Fintech(フィンテック)を利用した給与の前払いサービスPayme(ペイミー)とenigma(エニグマ)とは?
近年、企業の間ではアベノミクスのおかげで景気が上向いていると強気な言葉が多くなり、就活を控えた学生も雇用されやすくなったと喜んでいます。
しかし、末端の消費者にはその恩恵はほどんどなく、物に対する購買意欲も高まっていません。
そんな中、近年苦しい消費者の生活実態を表すかのような新しいサービスが提供されており、それがFintechを利用した給与の前払いサービスです。
給料日前の突然の物入りの時には助かります。前払いシステムを提供しているサービスには色々ありますが、代表的なものとして「Payme(ペイミー)」と「enigma(エニグマ)」が挙げられます。
なお、Fintech(フィンテック)というのは、Finance(金融)とTechnology(技術)を組み合わせた造語で、インターネットを活用した金融サービスを指しています。
Payme(ペイミー)の特徴
Paymeは「BtoB型(企業間取引)」の給与前払いサービスです。なお、既に発生している給与(就労済み分の給与)の「前払い」であり、出勤していない分の給与を受け取る「前借り(バンス)」とは異なります。
【Paymeの利用方法】
Paymeの利用システムは以下になります。
?@会社がPaymeと契約します。会社は従業員情報を登録し、従業員ごとのIDを受け取ります。
?A従業員はスマホからPaymeに前払いを申請します。事前に、会社のメールアドレスを登録し、パスワードを設定します。

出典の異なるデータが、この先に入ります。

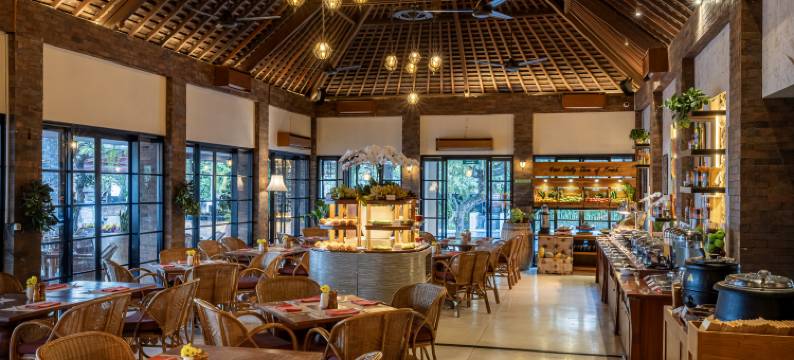 库塔海景海滩度假村(Kuta Seaview Beach Resort)图片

?B最短で即日にPaymeから従業員に前払い給与が立替払いされます(口座振込)。
前払いの可能な給与額は給与の凡そ70%になっています。
【Paymeのメリット】従来、前払いサービスはいくつもありましたが、若干面倒で、前払いが行われるまでに時間もかかっていました。Paymeはインターネットを活用して手続きを簡略にし、前払いも即日にできるようにしています。また、会社にとっても、サービス導入・システム運用などにかかる費用が無料になっています。

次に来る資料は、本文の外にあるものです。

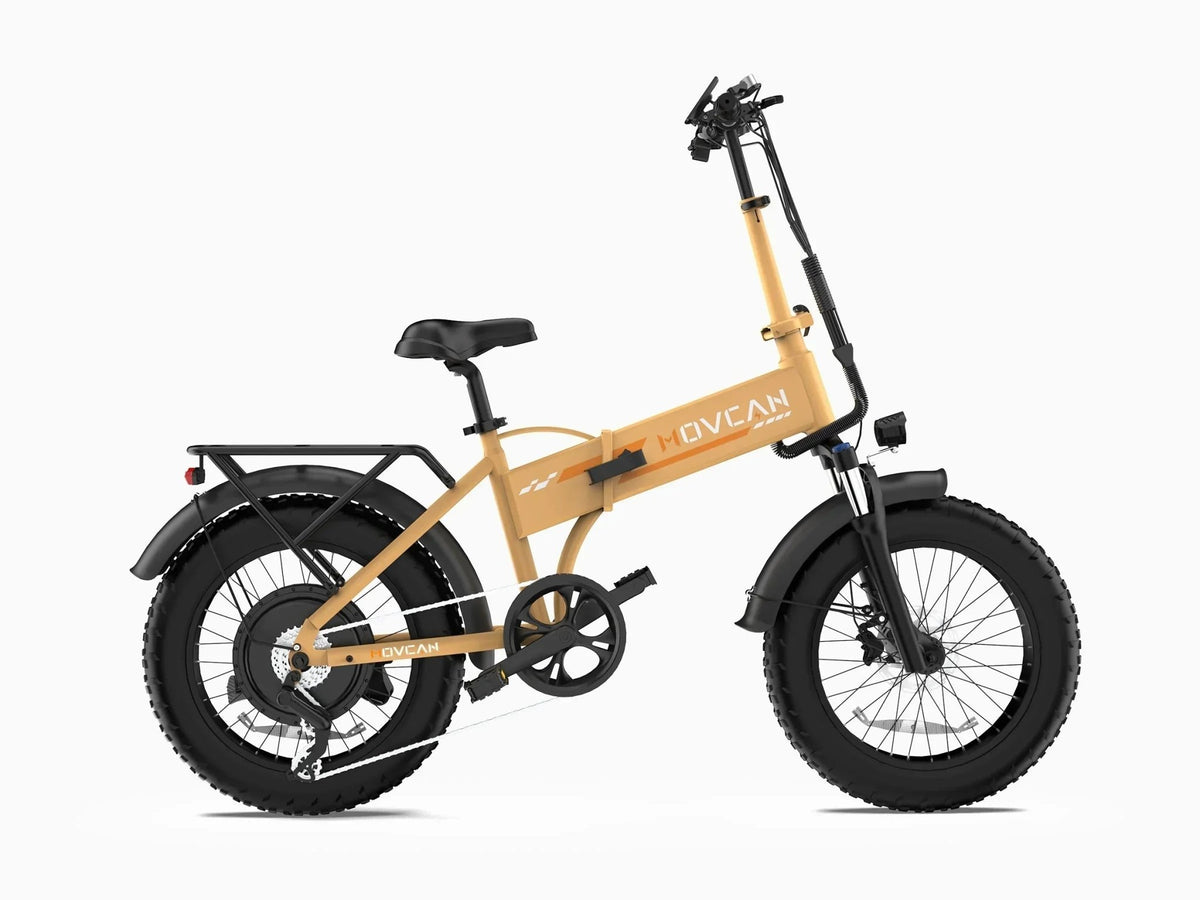Movcan Q20 Folding Electric Bike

【Paymeの手数料】Paymeは手数料として、前払い給与額の3〜6%を取られます。手数料の3%の差は企業の規模や信用度の違いです。例えば、給与を10万円前払いしてもらうと、3,000〜6,000円の手数料が抜かれます。要するに、この手数料がPaymeの利益になります。

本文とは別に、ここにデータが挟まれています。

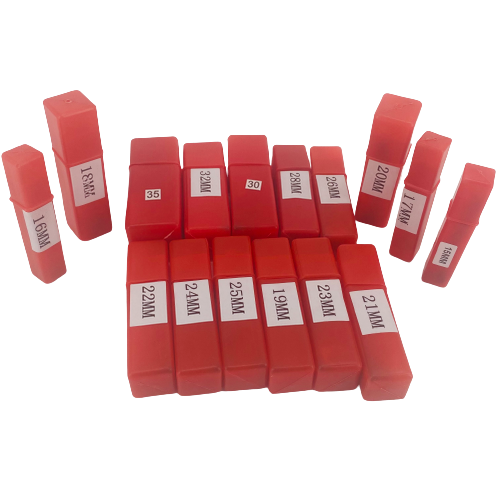 16 Piece Set - 15-35mm Forstner Woodworking Drill Bit Set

【手数料の負担は誰?】手数料で問題となるのが、だれが負担するのかということです。手数料はPaymeから会社に請求されますが(利用者に立替払いした額+手数料)、会社がその手数料を従業員に支給することは無いと思われます。会社にしてみれば、個人の前払いにおける費用を会社の利益から削ることは考えられません。
【ペイデイローン】Paymeの実態を客観的に見れば、「ペイデイローン(Pay Day)」(給料日ローン)と言えなくもありません。ペイデイローンとは、主に低所得者を対象とした給料前借サービスのことで、次月の給与を担保に、利用者にお金を貸し付けるものです。Paymeを貸金業とするなら、3%もの利息を先取りしてお金を貸す行為は法律に違反します。
利息の先取りの場合、金利(年利)の計算は以下になります。
年利(%)=利息÷(元金−先取り利息)×365日÷借入日数×100
従って、10万円の前借に対し、3,000円の手数料を取った場合、翌月(30日後)に返済されたと仮定すれば、金利は以下になります。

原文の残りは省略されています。